Above code only need k random numbers, and return sorted samples.

>>> randindex(10,10) # no repeat
[0, 1, 2, 3, 4, 5, 6, 7, 8, 9]

>>> random.seed(1)
>>> randindex(30,10000000)
[21060, 254459, 283474, 290410, 305901, 938595 ...

[Thomas Klemm]

(10-28-2018 02:18 PM)Albert Chan Wrote:  Above code only need k random numbers, and return sorted samples.

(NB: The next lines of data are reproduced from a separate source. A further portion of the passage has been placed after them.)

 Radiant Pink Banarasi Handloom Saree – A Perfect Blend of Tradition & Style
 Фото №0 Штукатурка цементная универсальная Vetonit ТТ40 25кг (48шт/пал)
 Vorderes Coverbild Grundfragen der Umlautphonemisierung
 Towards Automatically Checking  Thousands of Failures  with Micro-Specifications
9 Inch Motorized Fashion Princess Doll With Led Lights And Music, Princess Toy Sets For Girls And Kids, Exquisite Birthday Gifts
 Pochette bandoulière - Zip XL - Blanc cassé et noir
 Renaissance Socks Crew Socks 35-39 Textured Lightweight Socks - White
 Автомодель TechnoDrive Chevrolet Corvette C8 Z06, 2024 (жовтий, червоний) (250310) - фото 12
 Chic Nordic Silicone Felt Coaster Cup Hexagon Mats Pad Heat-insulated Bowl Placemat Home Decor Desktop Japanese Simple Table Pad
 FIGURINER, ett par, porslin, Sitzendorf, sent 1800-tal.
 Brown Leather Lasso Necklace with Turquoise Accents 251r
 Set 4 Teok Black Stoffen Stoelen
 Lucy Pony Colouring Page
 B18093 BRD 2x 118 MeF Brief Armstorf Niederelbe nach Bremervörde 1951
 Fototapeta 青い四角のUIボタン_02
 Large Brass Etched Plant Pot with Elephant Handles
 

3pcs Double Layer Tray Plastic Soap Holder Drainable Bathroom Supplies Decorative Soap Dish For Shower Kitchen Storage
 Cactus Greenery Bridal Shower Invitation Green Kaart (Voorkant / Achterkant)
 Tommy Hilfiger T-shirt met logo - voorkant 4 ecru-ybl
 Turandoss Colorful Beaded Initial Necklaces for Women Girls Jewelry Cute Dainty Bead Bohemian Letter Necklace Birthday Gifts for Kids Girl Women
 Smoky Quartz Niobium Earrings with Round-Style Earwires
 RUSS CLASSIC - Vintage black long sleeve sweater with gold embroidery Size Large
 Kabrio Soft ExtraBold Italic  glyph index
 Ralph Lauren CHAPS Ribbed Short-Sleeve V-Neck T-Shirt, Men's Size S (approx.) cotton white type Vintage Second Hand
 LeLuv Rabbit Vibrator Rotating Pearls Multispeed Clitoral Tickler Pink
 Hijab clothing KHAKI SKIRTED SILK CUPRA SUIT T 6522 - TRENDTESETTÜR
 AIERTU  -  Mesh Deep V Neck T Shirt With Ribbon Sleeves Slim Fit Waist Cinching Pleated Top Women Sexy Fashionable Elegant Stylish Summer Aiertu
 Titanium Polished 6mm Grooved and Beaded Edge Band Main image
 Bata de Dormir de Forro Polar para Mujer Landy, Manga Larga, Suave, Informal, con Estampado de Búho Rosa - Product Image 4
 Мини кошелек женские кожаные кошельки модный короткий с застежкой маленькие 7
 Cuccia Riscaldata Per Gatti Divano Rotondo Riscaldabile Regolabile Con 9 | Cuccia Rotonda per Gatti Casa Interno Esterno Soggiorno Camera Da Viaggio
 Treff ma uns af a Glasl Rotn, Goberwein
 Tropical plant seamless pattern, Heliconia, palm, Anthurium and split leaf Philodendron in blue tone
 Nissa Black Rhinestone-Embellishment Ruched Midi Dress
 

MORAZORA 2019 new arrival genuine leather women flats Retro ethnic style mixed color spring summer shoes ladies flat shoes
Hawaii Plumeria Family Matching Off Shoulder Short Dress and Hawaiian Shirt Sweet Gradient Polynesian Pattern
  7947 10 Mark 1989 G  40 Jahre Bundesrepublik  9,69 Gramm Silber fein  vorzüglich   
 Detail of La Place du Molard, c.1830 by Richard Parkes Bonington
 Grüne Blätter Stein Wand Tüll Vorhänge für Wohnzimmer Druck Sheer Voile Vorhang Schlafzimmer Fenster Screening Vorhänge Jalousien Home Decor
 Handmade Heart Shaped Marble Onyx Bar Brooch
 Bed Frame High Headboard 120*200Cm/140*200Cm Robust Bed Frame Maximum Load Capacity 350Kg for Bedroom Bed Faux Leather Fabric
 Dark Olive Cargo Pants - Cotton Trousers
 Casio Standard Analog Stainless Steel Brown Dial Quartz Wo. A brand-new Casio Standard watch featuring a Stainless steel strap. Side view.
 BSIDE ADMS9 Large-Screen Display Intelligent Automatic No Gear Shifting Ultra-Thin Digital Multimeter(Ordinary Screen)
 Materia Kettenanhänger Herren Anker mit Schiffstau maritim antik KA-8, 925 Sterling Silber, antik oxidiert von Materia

Writing a program for the HP-25 using only 8 registers and 49 programming steps is left as an exercise for the dear reader.

Cheers
Thomas

[John Keith]

(10-28-2018 09:18 AM)Dieter Wrote:  In such a case there is no significant difference between sampling with or without repetition. So it doesn't matter much if a number is drawn twice. Otherwise the idea is: record the sample in a (sorted) list, generate the next number, see if it's part of the list. If yes: get a new number, if not: insert it into the list. Hmmm... somehow this sounds like a job for the HP50. ;-)

Going further of-topic...
This would be a variation of the Fisher-Yates shuffle, implemented in the ListExt Library as LSHUF.

[Albert Chan]

(10-28-2018 08:03 PM)John Keith Wrote:  

(10-28-2018 09:18 AM)Dieter Wrote:  In such a case there is no significant difference between sampling with or without repetition. So it doesn't matter much if a number is drawn twice. Otherwise the idea is: record the sample in a (sorted) list, generate the next number, see if it's part of the list. If yes: get a new number, if not: insert it into the list. Hmmm... somehow this sounds like a job for the HP50. ;-)

This would be a variation of the Fisher-Yates shuffle, implemented in the ListExt Library as LSHUF.

I do not see any shuffling from Dieter description.
That seems more like "rinse, and repeat", throwing away (rare) repeated samples.

My Python randindex(...) look more like shuffling, except working thru the samples list.